Reviewed by Helyce
Gabe lives a double life. As Gabriel Henson, he works multiple jobs to support his remorseless, alcoholic mother. As Tony Ryder, he does internet porn for extra cash and regular safe sex without complications.
Yet when he encounters a scared young man freaking out in a nightclub, he’s compelled to reach out. Ever since then, the memory of that young man has haunted him.
Tristan Lavelle lives his life thirty minutes at a time. After a traumatic brain injury three years ago, he gets through his day recording his life in spiral notebooks and sticky note reminders.
A month after Tristan’s embarrassingly public meltdown, another chance meeting with Gabe sparks a warm, emotionally fulfilling email relationship. Both men crave more, but fear of the next step stands between them.
Until Tristan gets the opportunity to take part in a clinical trial that could improve his memory—if the side effects don’t kill him. But for Tristan, the possibility of a real life with Gabe is worth any risk…
It was the memory loss aspect that appealed to me when I decided to read this story. I mean, my memory is not at all what it used to be and I am constantly writing things down in an attempt to help myself remember; but alas, I still often forget. So, a brain injury that would completely obliterate your short term memory every 30 minutes or so is just something I cannot comprehend.

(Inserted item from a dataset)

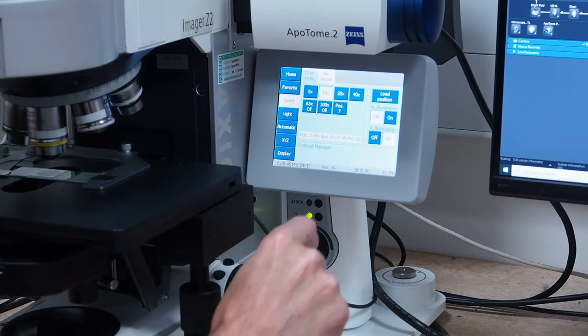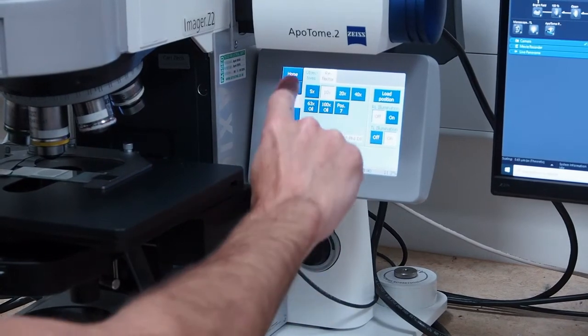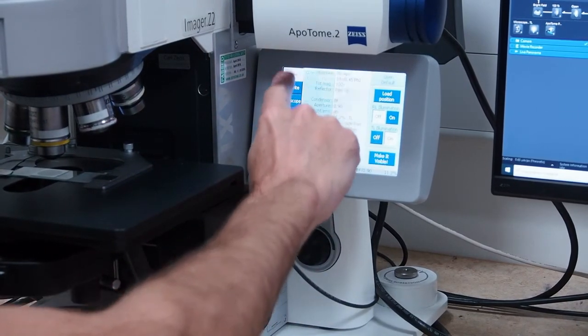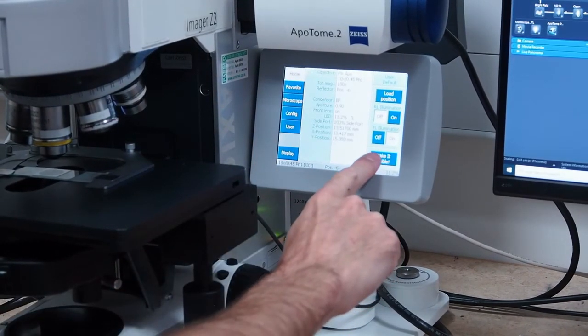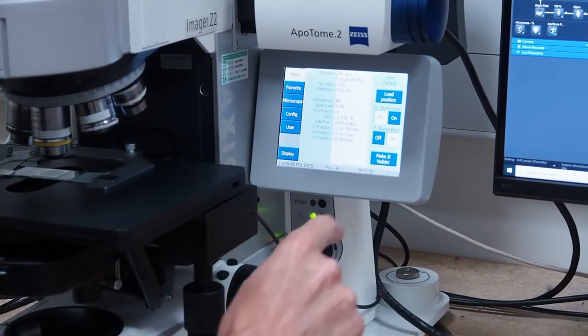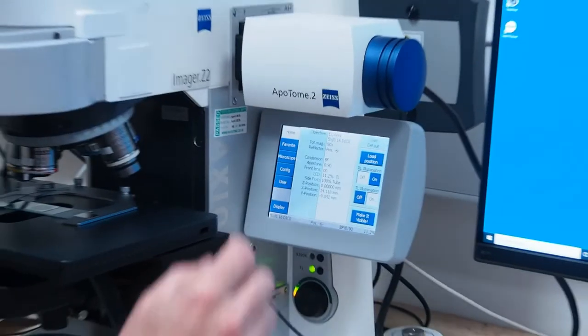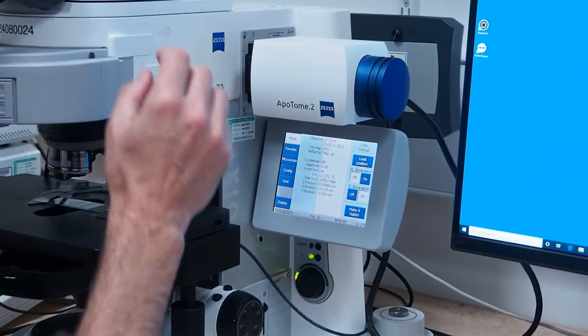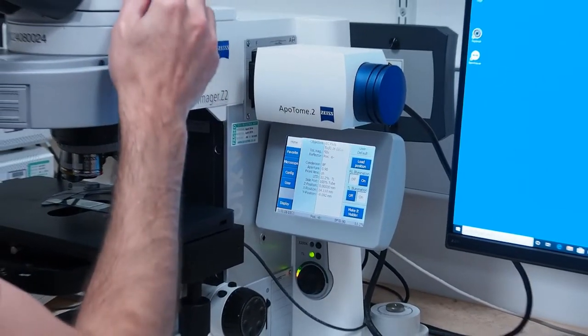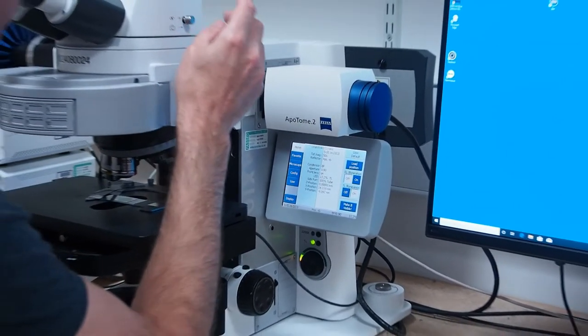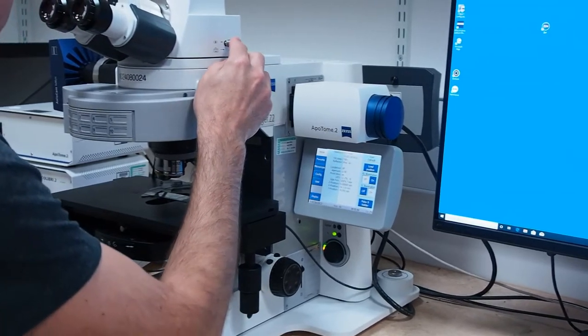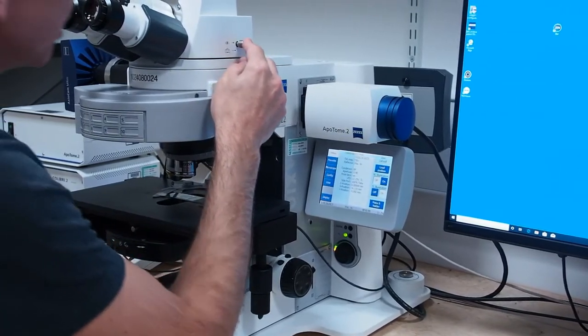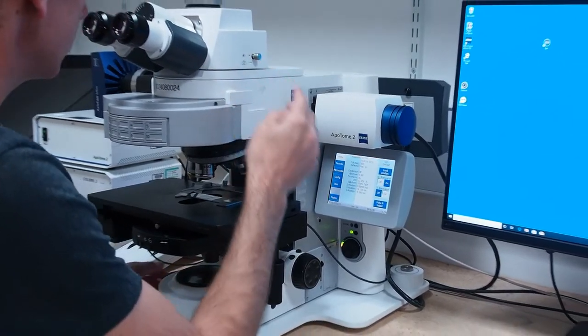Next, click the home tab and then the make it visible button on the lower right of the screen to switch the bright field lamp on and move the light path to the oculus. There is a slider on the side of the microscope that should be pushed in when viewing through the eyepieces and pulled out when using the camera.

But this is Tristan’s reality. In an attack that he has no memory of except for what he’s been told, Tristan suffered a brain injury so severe that he has no short term memory. He remembers things in his life prior to the attack, but in his day to day life he is forced to carry around a notebook where he keeps copious notes that he reviews constantly to help him stay in the present. Because of this disability, he lives in an assisted living facility where he is the youngest resident among the many elderly residents living there. Except for his best friend Noel, who he’d known prior to the attack, anyone or anything that’s happened since that attack is forgotten.
I adored Tristan. I loved his resigned acceptance of something he could not change and his will to experience life in spite of it. It is this spirit of acceptance and maybe a little bit of sexual frustration that leads him to attempt a night out at a club on his own. When he freaks out in the middle of the club, it’s Gabe who comforts him until Noel can get there–though of course he won’t remember him.
Gabe’s chance meeting with Tristan lights something in him that he has not felt for a long time. Not really one for relationships, he’s content to experience sex within the confines of the protected scenes he does for Mean Green Boys Studios. He’s able to scratch that sexual itch without letting his heart get involved and he’s just fine with that. Until Tristan, that is. He can’t get the man out of his head, so he’s thrilled when he runs into Tristan again at the club.
I enjoyed this story. I think readers might have trouble with the fact that Gabe did porn and didn’t tell Tristan about it right away. The porn angle for me was pretty much inconsequential within the context of the story. Gabe did porn for the money. His mother was an alcoholic and had made a lot of bad choices. Gabe had become the responsible adult and was taking care of her in the best way he knew how for his age. He worked two jobs, including the porn gig, which allowed him to pay the mortgage on the house and pay off some of his mother’s debt. Of course, his mother didn’t know that’s how he was footing the bills. Added to that is the fact that Tristan wouldn’t remember being told about the porn and I could understand that Gabe would not relish having to explain over and over.
I have no basis for comparison, but I felt that the author built a believable story about a man who has memory issues. There is repetition in the beginning which was a great way of putting the reader into Tristan’s headspace. And this is where we see Tristan’s acceptance. For the most part, he just goes with the flow, keeping track of things via his notebooks. Even after he’s met Gabe and they’ve had an evening of dancing. I loved how Gabe says he’s going to email him and that Tristan should take a picture of them together so that he can look at it for reference when he gets the emails–to help piece things together.
With respect to the attack, I felt that I was missing part of the story as I read through. As this is book 2, and I did not read book 1, I’m guessing that it was explained if not experienced in greater detail in the first book which tells Noel and Shane’s story. The attack or “bashing” as Gabe refers to it, had been against both Noel and Tristan while they were in college. Tristan was more seriously injured though Noel apparently has scars all along his chest area. While I could put together what had happened to Tristan from this story, I think I would have felt a bit more invested if I had read book one.
The story takes an interesting turn when Tristan becomes a candidate for an experimental drug that may help him with his memory issues. There is not too much medical explanation for this part of the story and I took it for what it was and accepted that it might be possible that a certain kind of drug therapy might help with memory. It allowed Tristan and Gabe to experience more as a couple and made it so Tristan began to have a semblance of individuality and needed Noel less.
This is my first read by this author, and I like her voice. I do think I may have enjoyed just a bit more if I’d read book 1, so I plan to read it as I did enjoy Noel a lot and would like to see just how he and Shane got together.